The step by step hint is given here but I can't follow after first step. i.e. don't know how to show $$\frac{d}{dt} ||u(t,*)||_{L^2([0,l])}^2 = -2||\partial_xu(t,*)||_{L^2([0,l])}^2$$

and afterwards.

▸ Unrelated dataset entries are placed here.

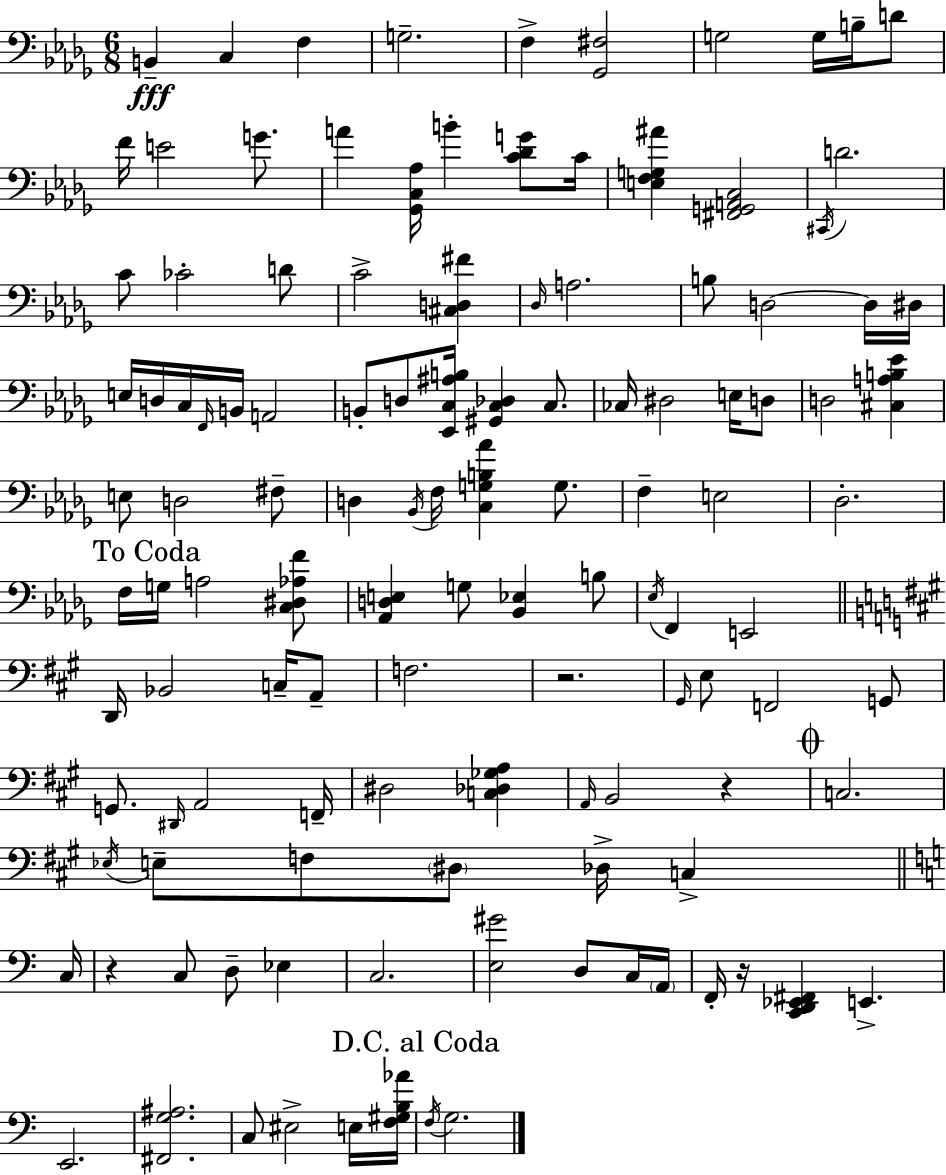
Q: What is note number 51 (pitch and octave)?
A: Db3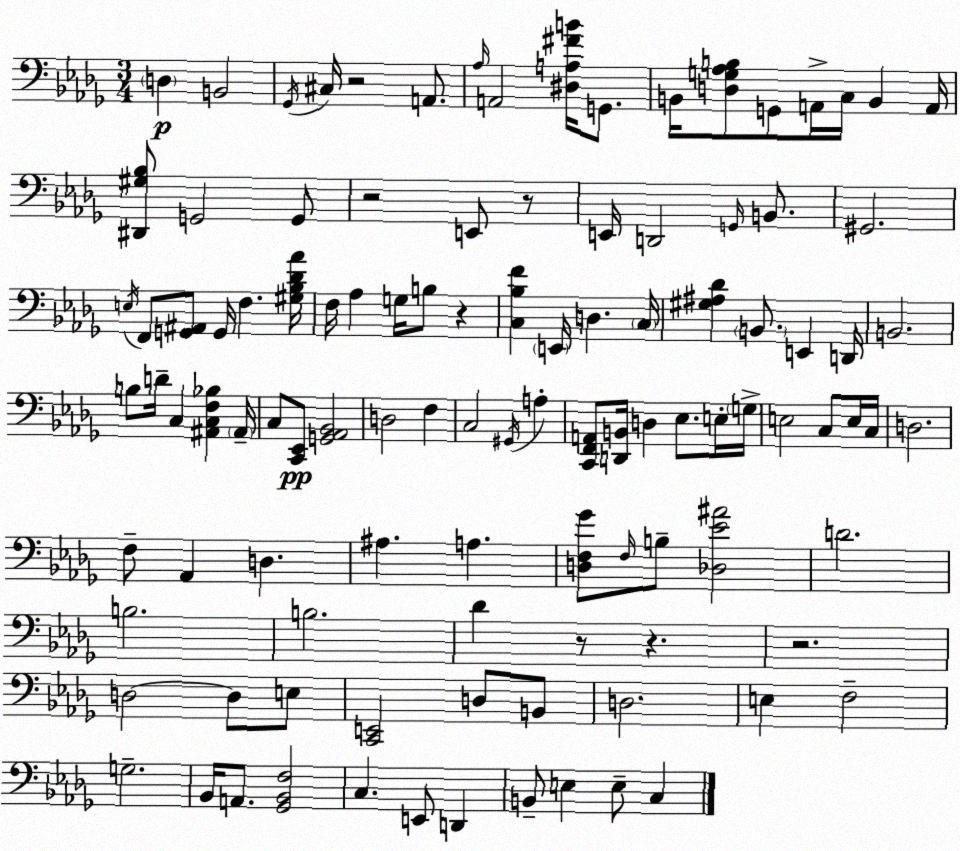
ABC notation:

X:1
T:Untitled
M:3/4
L:1/4
K:Bbm
D, B,,2 _G,,/4 ^C,/4 z2 A,,/2 _A,/4 A,,2 [^D,A,^FB]/4 G,,/2 B,,/4 [D,G,_A,B,]/2 G,,/2 A,,/4 C,/4 B,, A,,/4 [^D,,^G,_B,]/2 G,,2 G,,/2 z2 E,,/2 z/2 E,,/4 D,,2 G,,/4 B,,/2 ^G,,2 E,/4 F,,/2 [G,,^A,,]/2 G,,/4 F, [^G,_B,_D_A]/4 F,/4 _A, G,/4 B,/2 z [C,_B,F] E,,/4 D, C,/4 [^G,^A,_D] B,,/2 E,, D,,/4 B,,2 B,/2 D/4 C, [^A,,C,F,_B,] ^A,,/4 C,/2 [C,,_E,,]/2 [G,,_A,,_B,,]2 D,2 F, C,2 ^G,,/4 A, [C,,F,,A,,]/2 [D,,B,,]/4 D, _E,/2 E,/4 G,/4 E,2 C,/2 E,/4 C,/4 D,2 F,/2 _A,, D, ^A, A, [D,F,_G]/2 F,/4 B,/2 [_D,_E^A]2 D2 B,2 B,2 _D z/2 z z2 D,2 D,/2 E,/2 [C,,E,,]2 D,/2 B,,/2 D,2 E, F,2 G,2 _B,,/4 A,,/2 [_G,,_B,,F,]2 C, E,,/2 D,, B,,/2 E, E,/2 C,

Thank you for your time!!

ADDED::
How to show that
1. $||u(t,*)||_{C^0([0,l])} \le \sqrt l ||u_x(t,*)||_{L^2([0,l])}$ and
2. $ ||u(t,*)||_{L^2([0,l])}^2\le l^2 ||u_x(t,*)||_{L^2([0,l])}^2$

For (1), how can I show using fundamental theorem of Calculus and Cauchy Inequality $$||u(t,*)||_{C^0([0,l])} = \sup |u(t,x)|_{x\in(0,l)}\le \sqrt l \left( \int_0^l |u_x(t,x)|^2 dx\right)^{1/2}$$

  • Multiply both sides of the heat equation by $u$ and integrate over $[0,l]$. When integrating $u_{xx} u$ you can integrate by parts. (Why do the boundary terms vanish?) – Willie Wong Jul 17 '13 at 12:55

1 Answers1

1

$$\frac{d}{dt} ||u(t,*)||_{L^2([0,l])}^2 =\frac{d}{dt} \int_0^l u(t,x)^2 dx=2 \int_0^l u(t,x)u_t(t,x) $$(using equation and then integration by parts with boundary conditions) $$ 2 \int_0^l u(t,x)u_{xx}(t,x)dx= 2u(t,x)u_{x}(t,x)|_{x=0}^{x=l}-2\int_0^l u_{x}(t,x)u_{x}(t,x)dx$$ $$=-2||\partial_xu(t,*)||_{L^2([0,l])}^2$$

Edit Assuming that you talk about problem IV from your pdf, we note that

$$u(t, 0) = u(t , l)=0$$ (and not $u_x(t, 0) = u_x(t , l)=0$).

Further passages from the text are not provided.